おとといは、テキサスの陸軍基地で米国史上最悪の現役軍人の精神科医による大量射殺事件(13人を射殺、30人が重傷)が起こり、昨日は10月の失業率がとうとう10.2%と二桁に達する(1983年以来26年ぶりの高率)という、しんどい状況です。大統領は、この大量射殺事件のメモリアルの出席のために12日の訪米予定が1日延びて13日(金)になりました。
ヘルスケア法案に反対するコンサーバティブな人たちの怒りの声は高まっており、バージニアとニュージャージーでは、民主党の州知事は共和党に敗北を喫し、アフガン増兵問題の結論は火急を要しており、今日は懸案のヘルスケア法案の投票が議会で行われています。

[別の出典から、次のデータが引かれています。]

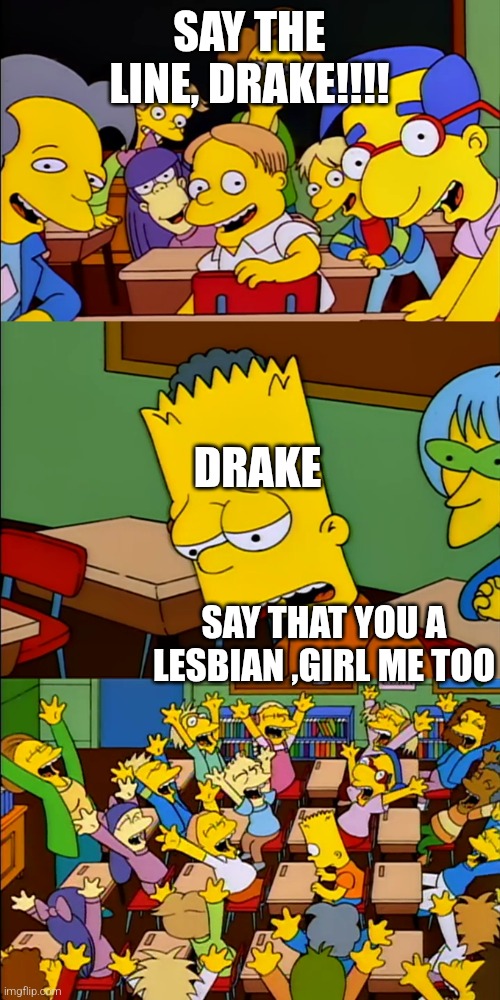 Say the line Bart | SAY THE LINE, DRAKE!!!! DRAKE; SAY THAT YOU A LESBIAN ,GIRL ME TOO | image tagged in say the line bart | made w/ Imgflip meme maker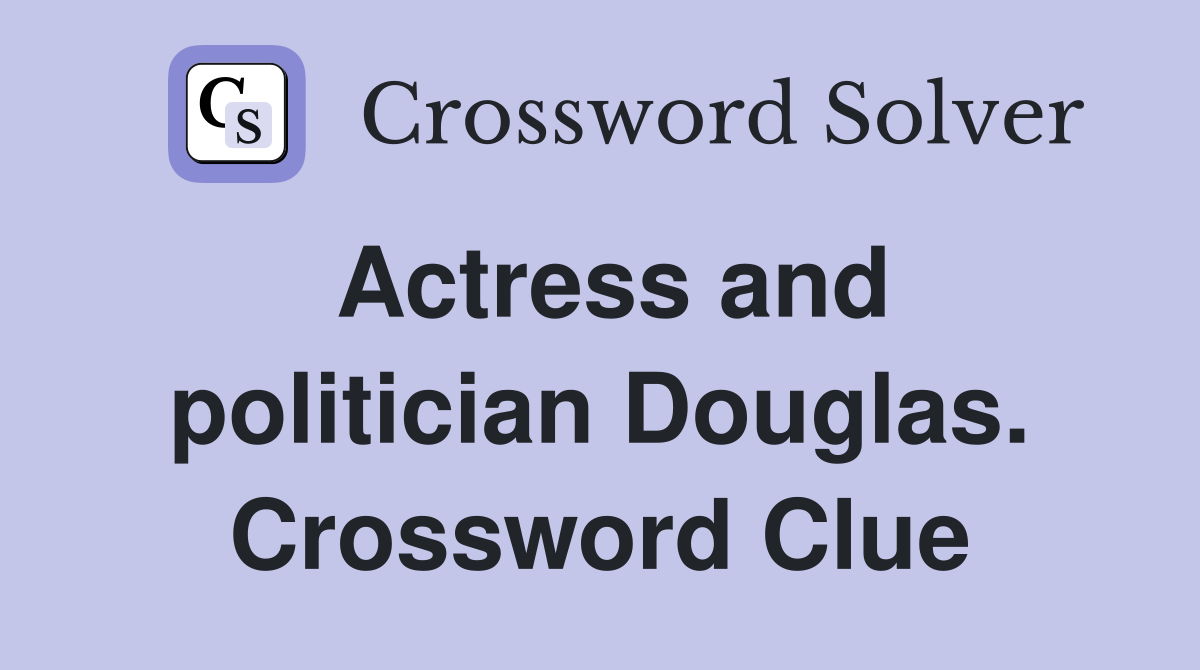 Actress and politician Douglas. Crossword Clue
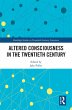 Altered Consciousness in the Twentieth... - Bild 1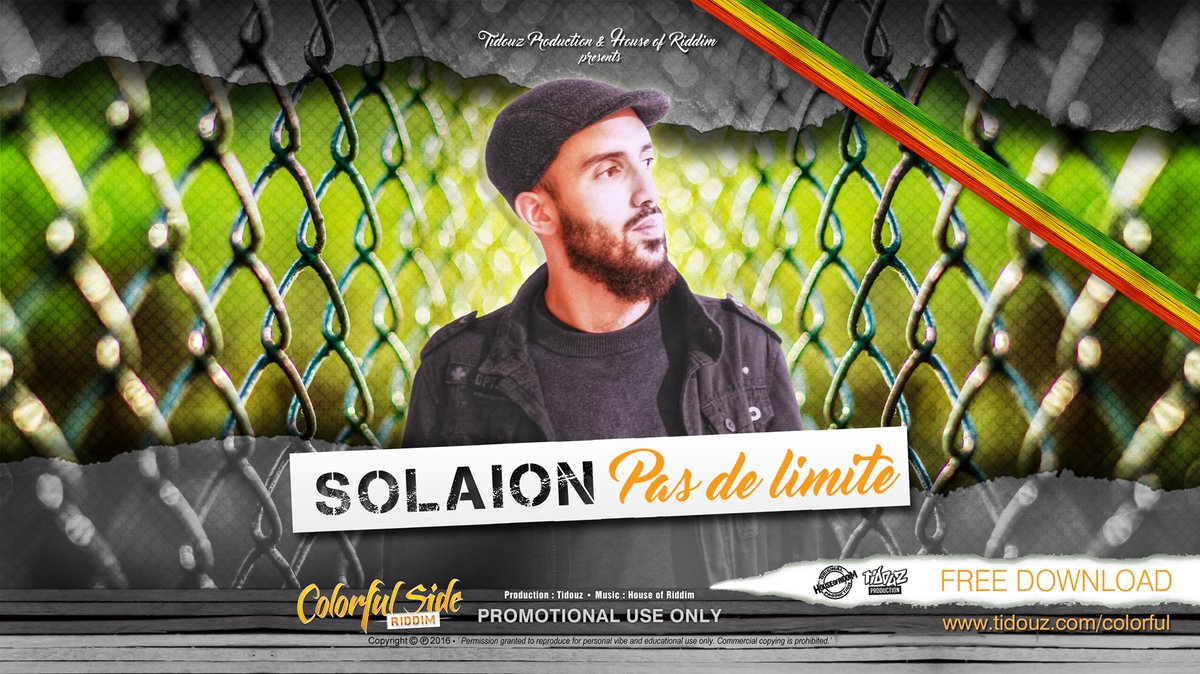 SOLAION - Pas de limite
Sortie / Release : 14 Mars 2016
COLORFUL SIDE RIDDIM
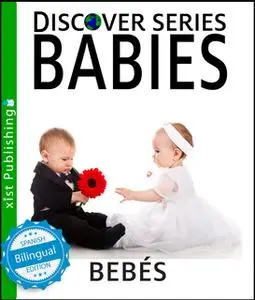 «Babies / Bebés» by Xist Publishing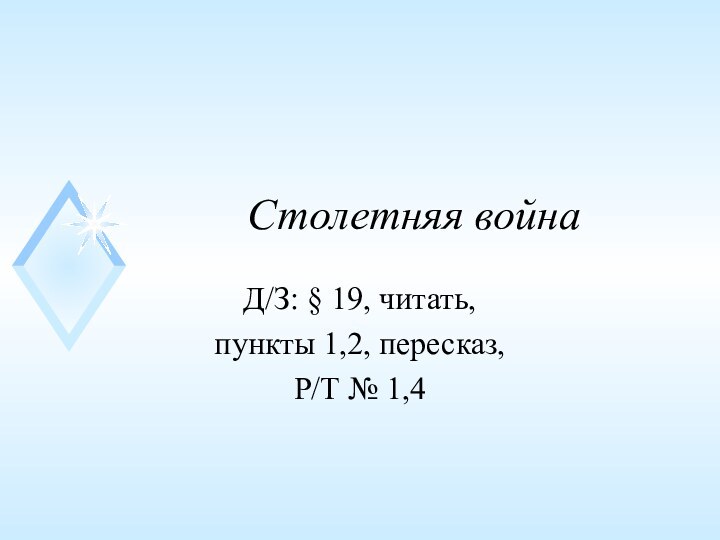 Столетняя войнаД/З: § 19, читать, пункты 1,2, пересказ, Р/Т № 1,4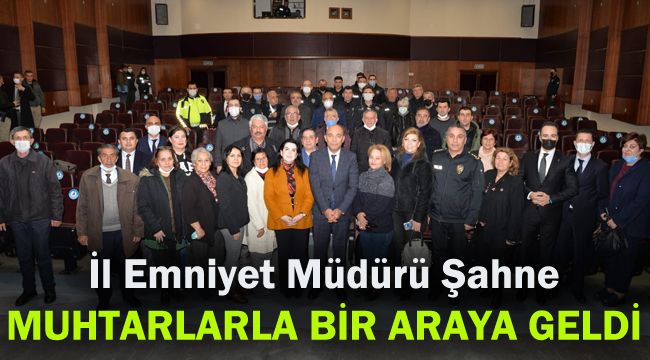 İl Emniyet Müdürü Şahne, muhtarlarla bir araya geldi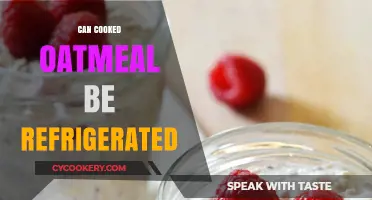 Refrigerating Cooked Oatmeal: Tips for Safe Storage and Reheating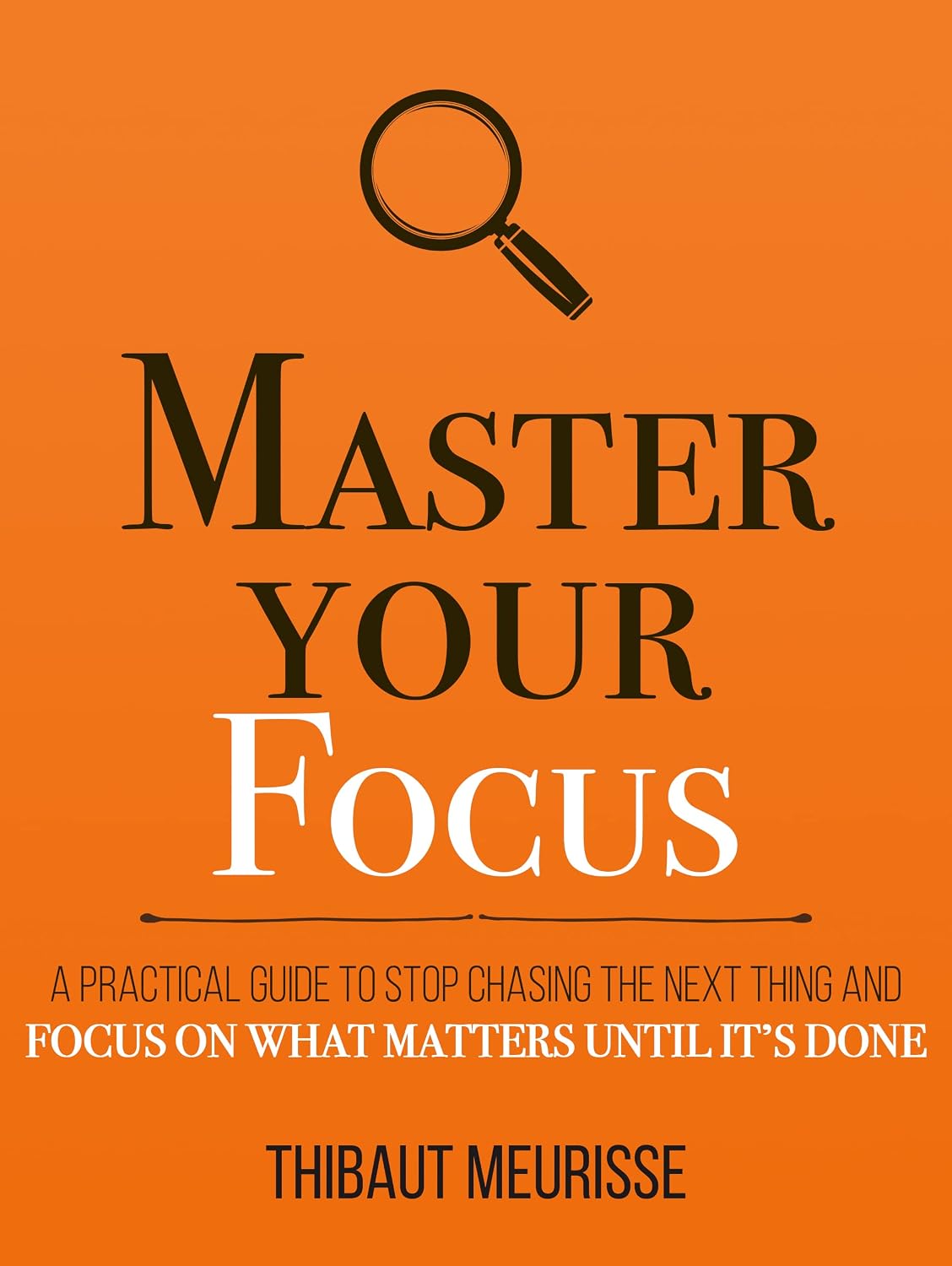 ler totalmente Master Your Focus: A Practical Guide to Stop Chasing the Next Thing and Focus on What Matters Until It's Done (Mastery Series Book 4) (English Edition)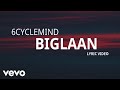 6cyclemind  biglaan lyric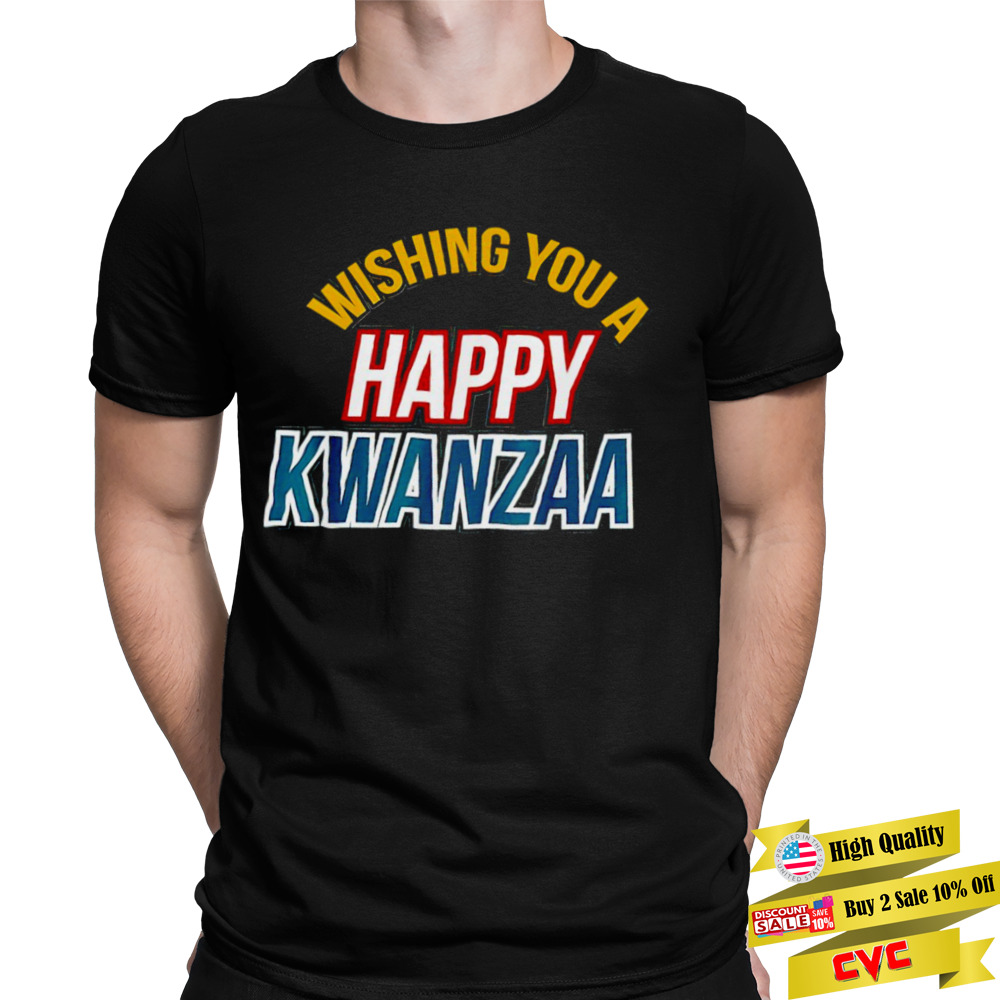 Wishing you a happy kwanzaa shirt 1 Unisex Tee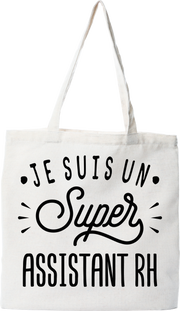 Tote bag coton recyclé je suis un super assistant rh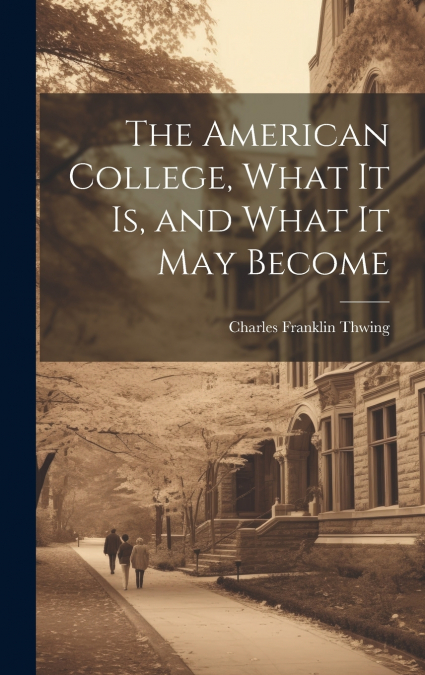 The American College, What it Is, and What it May Become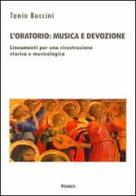 L' oratorio. Musica e devozione. Lineamenti per una ricostruzione storica e musicologica di Tania Buccini edito da Stamen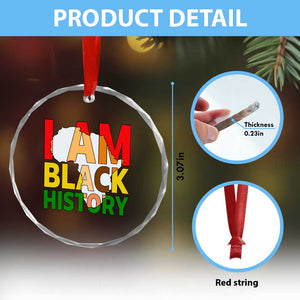 Black History Month African American Crystal Glass Ornament I Am Black History TS14 Print Your Wear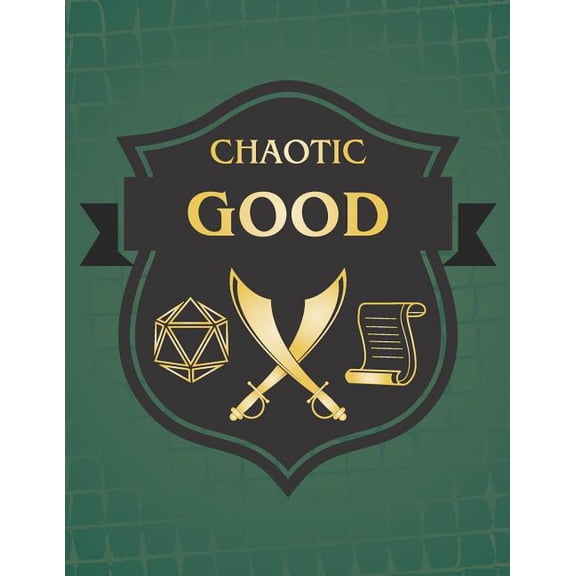 Chaotic Good: RPG Themed Mapping and Notes Book - Dark Green Theme Paperback 1790645662 9781790645664 PuddingPie Notebooks
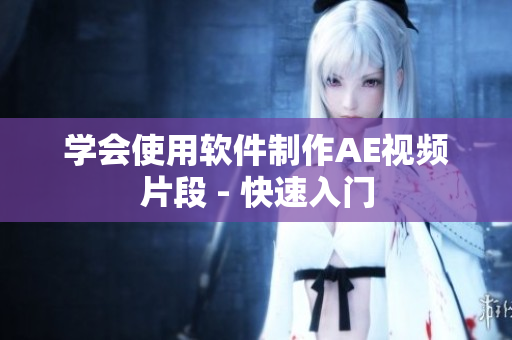 学会使用软件制作AE视频片段 - 快速入门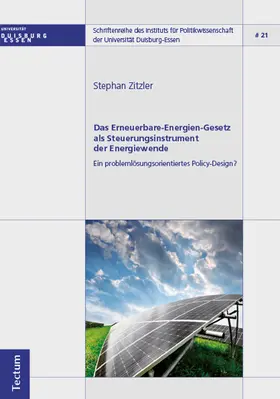 Zitzler |  Das Erneuerbare-Energien-Gesetz als Steuerungsinstrument der Energiewende - Ein problemlösungsorientiertes Policy-Design? | Buch |  Sack Fachmedien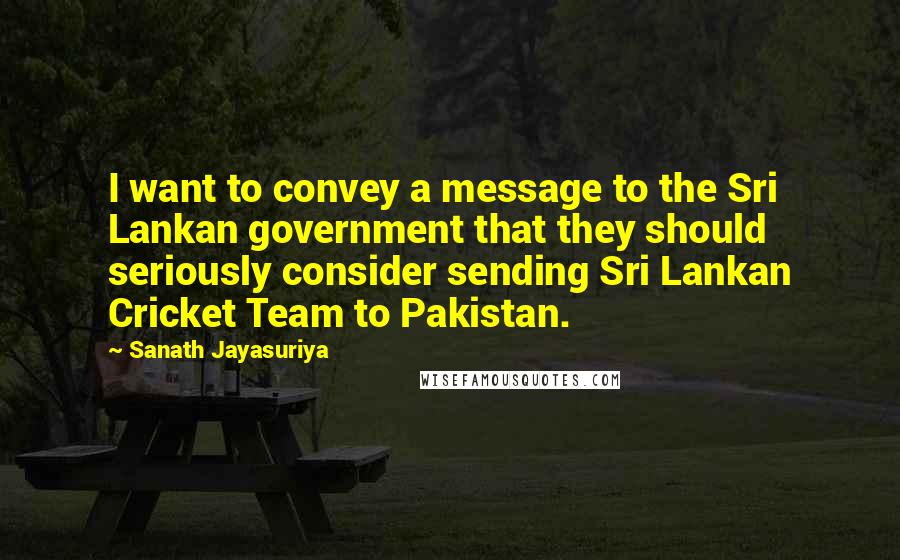 Sanath Jayasuriya Quotes: I want to convey a message to the Sri Lankan government that they should seriously consider sending Sri Lankan Cricket Team to Pakistan.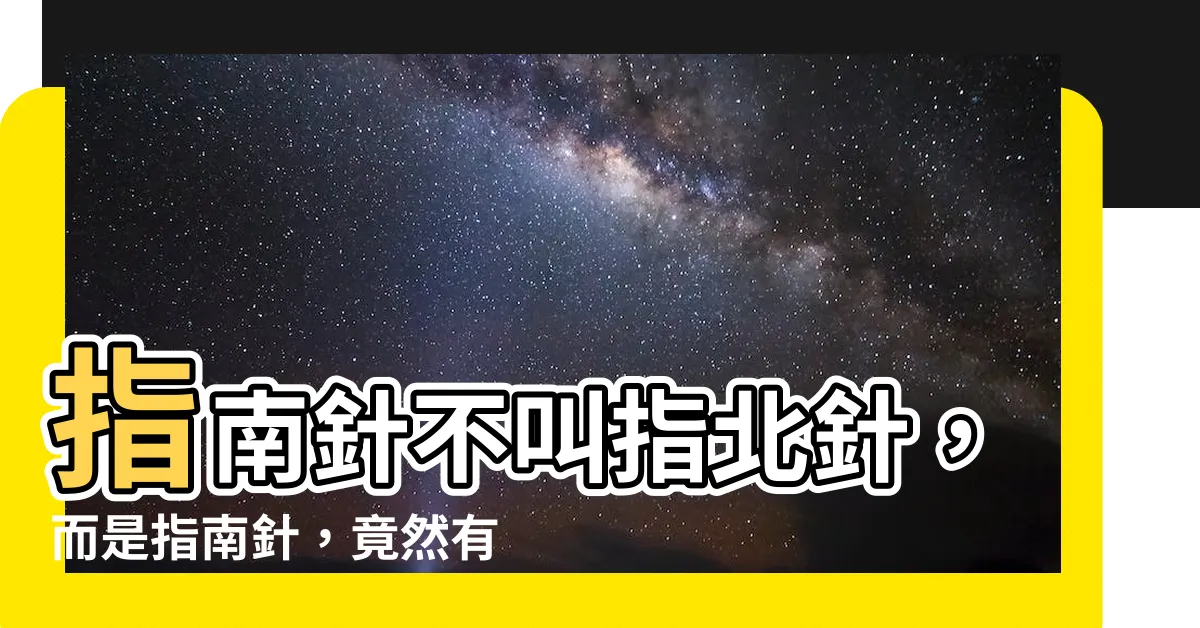 【為什麼指南針不叫指北針】指南針不叫指北針，而是指南針，竟然有這個原因！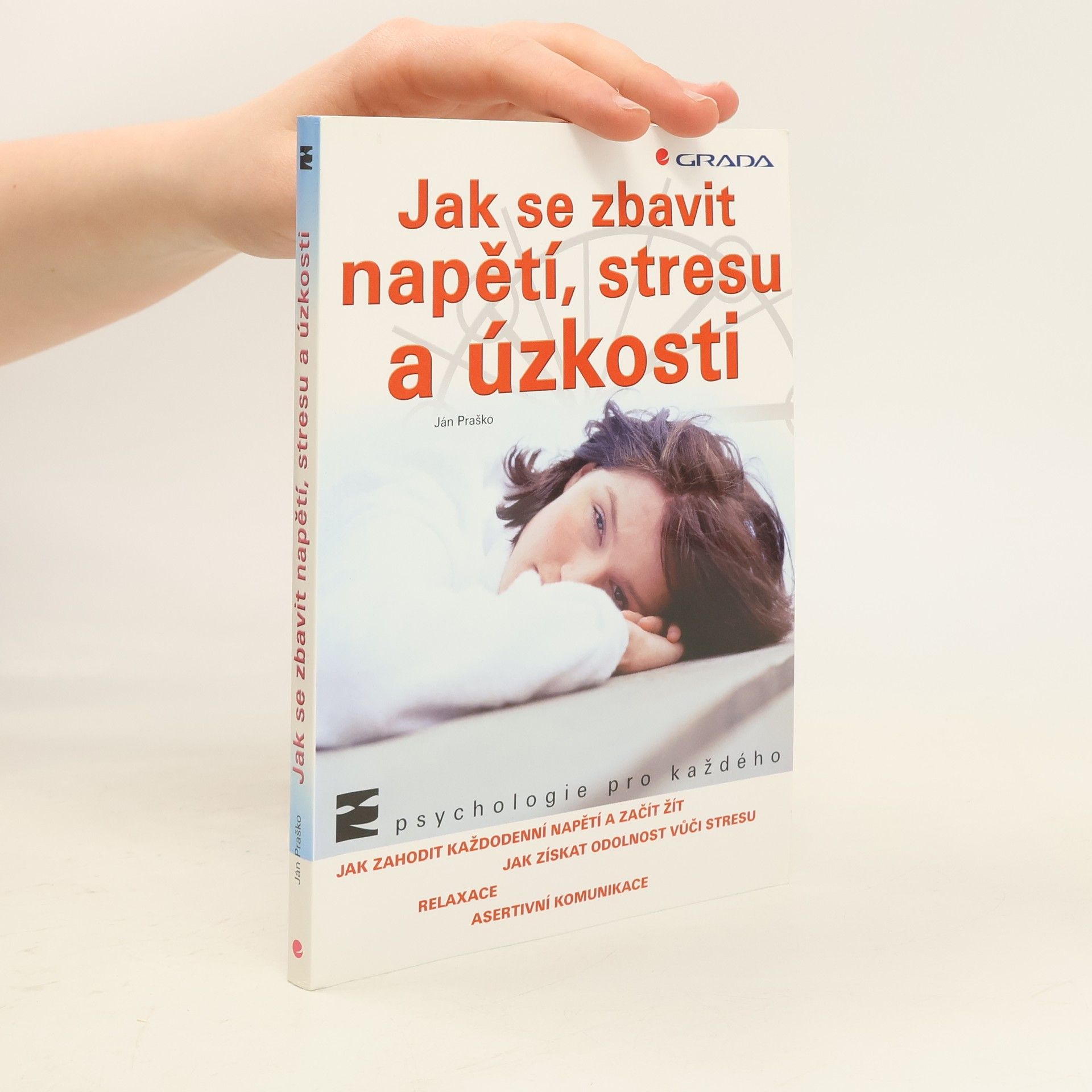 Ján Praško Pavlov Jak se zbavit napětí, stresu a úzkosti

つくづく思いますが、まさに大統領とは過酷な職務です。様々な内外の問題に関して、逐次、タイムリーに決断していかなければならず、結果の良し悪しに関わらず、すべての責任を迫られます。オバマ大統領は、アフガン戦争、イラク戦争、大恐慌以来の経済危機&景気後退という、「前政権の負の遺産の相続者」です。焦点の的のヘルスケアにしても、ルーズベルト大統領以来、歴代大統領が先送りにしてきた困難な問題が、米国の屋台骨を壊すほどすべての面に悪影響を及ぼしているというリアリティを直視して、それを自分の任期中に解決するという困難な道を選んだ結果です。大統領は今日、議会でヘルスケア法案がなぜ今米国に必要かというスピーチを行いました。
「Accountability(説明責任)」:この言葉が象徴するかのように、大統領の目の下のクマは日々色濃くなっており、それとは反対に髪の毛のグレイがますますめだってきています。
選挙戦のセールスピッチと異なり、一つ一つ難問を具体的に解決していかなければならないのが現役の大統領の仕事です。大統領に対する批判は、右からも左からも巻き起こっていて、当然と言えば当然ですが、オバマ政権の「米国民をUnite(ユナイト)させる」というゴールの実現の難しさを実感します。
「Instant Grafitication(瞬間的な満足や報酬)」、この言葉が今の米国社会を象徴していますが、「時間を要することも世の中にある」という考え方を、多く人たちは思い出すべきです。
私が個人的に大統領に感心することは、大統領はもちろん疲れは見えますが、相変わらず「Cool as a cucumber(英語の言い回し:キューリのように冷静)」で、決して感情的なリアクションを起こさない点です。この過酷な状況下で、「米国の「Commander in Chief(最高司令官)」として、世界最大の責任を有するオバマ大統領は、私や家族の命に関わる「下駄を預ける」には、やはり最適だと思います。リアクション型の共和党大統領候補者のMcCain(マケイン)とPalin(ペイリン)が、もし今政権担当者だったら、私は枕を高くして寝ていられないと思います。
毎日さまざまな「決断」をし続けなければならない最高責任者としての大統領の仕事、私だったら無責任で理不尽な非難に対して「やってられないよ」と言いたくとなると思いますが、何も言わず黙々と仕事をする、Hard Workingな大統領に、私はひたすら感謝しています。